POCATELLO — The firing of Pocatello High School’s varsity girls’ basketball coach Loraine Cook has set off a firestorm of comments on Facebook — the online world that started the problem when she posted what Pocatello-Chubbuck School District 25 officials considered inappropriate.
Disciplinary action against Cook stemmed from a photo of herself and her boyfriend, Pocatello High’s varsity football coach Tom Harrison, that was posted on Cook’s Facebook site following a summer vacation. The photo reportedly shows Harrison touching Cook’s chest and was part of an album of posted vacation pictures.
On the Journal’s Facebook page alone, 73 comments were posted Friday after a front-page story revealed that Cook had lost her coaching position, despite pleas from basketball players’ parents, while coach Harrison received a reprimand.
Application of a “double-standard” by the school district was a common complaint from those posting on Facebook.
“This is a crock,” posted Laura Hook. “She shouldn’t have been fired, but if they were adamant in sacking the perpetrators, both should be fired.”
“She never should have been fired,” posted Serena Harker. “And why did she get fired and the man grabbing her ... got a slap on the wrist!

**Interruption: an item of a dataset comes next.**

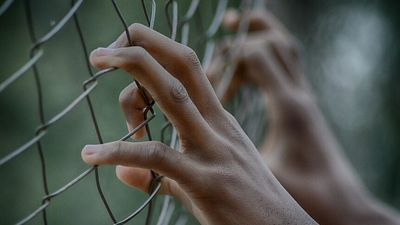 COVID-19 isolation policy sees girls in Alice Springs juvenile detention centre moved into boys' area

It’s just not right!”
Franny Damron posted, “Would he have been fired if the pic was reversed? I think not.”
Jeffery Callen had the longest post on the fairness of the punishment.

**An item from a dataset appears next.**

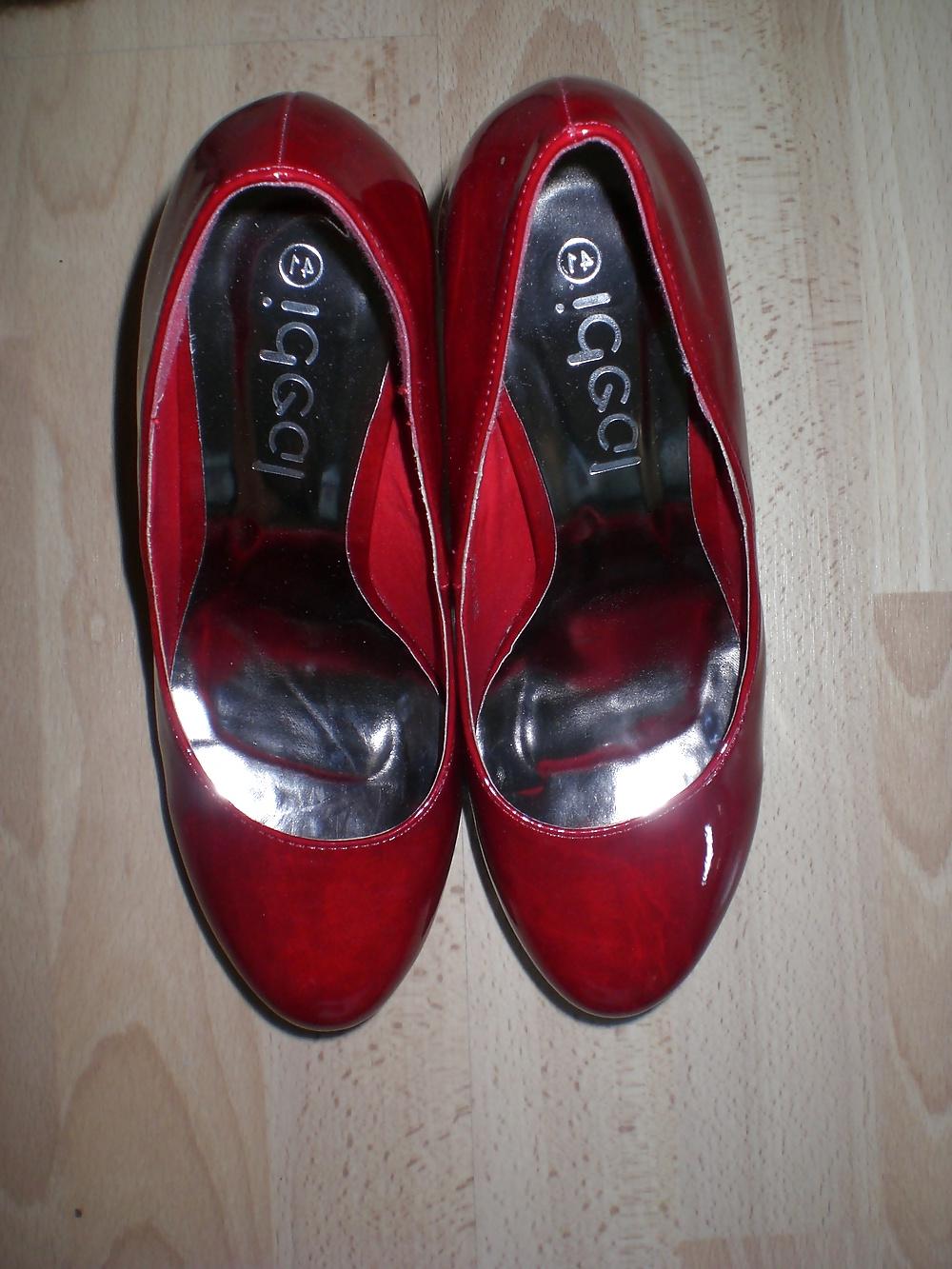 15P Cum on red heels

“The message sent to female students: Behave. Behave for even the slightest indiscretion will have the most severe consequences,” he posted. “Your success, respect, relationships, who you are — irrelevant. You will be used to make a point and that point is, simply, you do not matter. What matters is that people in charge have an idea of who you should be. Behave. And remember, this does not apply to males.”
Other people posting reactions on Facebook were critical of the severity of the punishment for Cook.
“I feel like it’s her personal business and it didn’t have anything to do with school,” posted Katie Brahosky.
This is one of the most ridiculous things I’ve ever heard of,” posted Allie Bennett. “The parents don’t want her gone and the district should listen to the parents in my opinion.”
“She is a role model, so it would have been appropriate to remind her of that — reprimand her — and ask that she take the photo down, with a note in her file,” posted Greg Gunter.
“She should of been asked to remove the picture and the whole situation should of been dropped,” posted Chris Werth. “Pocatello politics are a little outlandish.”
Still other Facebook comments focused on the use of social media and the dangers it poses to professionals.
“She is not the first person to be terminated from employment due to things posted on social media,” posted David Miller.
Shawn Denny even suggested the note School District 25 should have sent to Cook: “Coach, it has been brought to our attention that you have given your players access to your social media sites and that there is some content on those sites that might be offensive to the kids. Please either revoke the players access or the offending content.”
One poster, Heather Howarter, did defend the school district’s actions.
“Yes it was the right move,” Howarter said. “She’s a role model and should know better.
“As an adult in a teaching and coaching role, she should have used a great deal more discretion on what she posted to a social media site.”
Activity on social sites is something employees in the school district should monitor carefully, according to Pocatello Superintendent Mary Vagner. Vagner refused to comment on the Cook case, citing personnel privacy as the reason. But, the superintendent did recommend a visit to the website containing the Code of Ethics of the Idaho Teaching Profession.
Under that code’s section on “Commitment to the Profession,” there is a statement that teachers “shall not engage in conduct which is offensive to the ordinary dignity, decency, and morality of others.”
Vagner said all district employees are expected to follow the Idaho code of conduct and the district’s policies are updated annually to stay current with technology.
The assistant general counsel for the National Education Association Michael Simpson recently published an article warning teachers about the dangers of social media.
“Many teachers believe they have the absolute First Amendment right to post anything they want on social networking sites, including party pix and diatribes about the boss, Simpson wrote. “After all, they’re on their own time and using their own resources. Sadly, the courts say otherwise. Thanks to Facebook and MySpace, what used to be private is now very public.”
Simpson’s article walks through several cases of teachers being punished for social media content.
“To date, there have been only three court cases involving teachers who claimed that their First Amendment rights were violated by being punished because of their postings on social networking sites,” Simpson wrote. “The teachers lost every case.”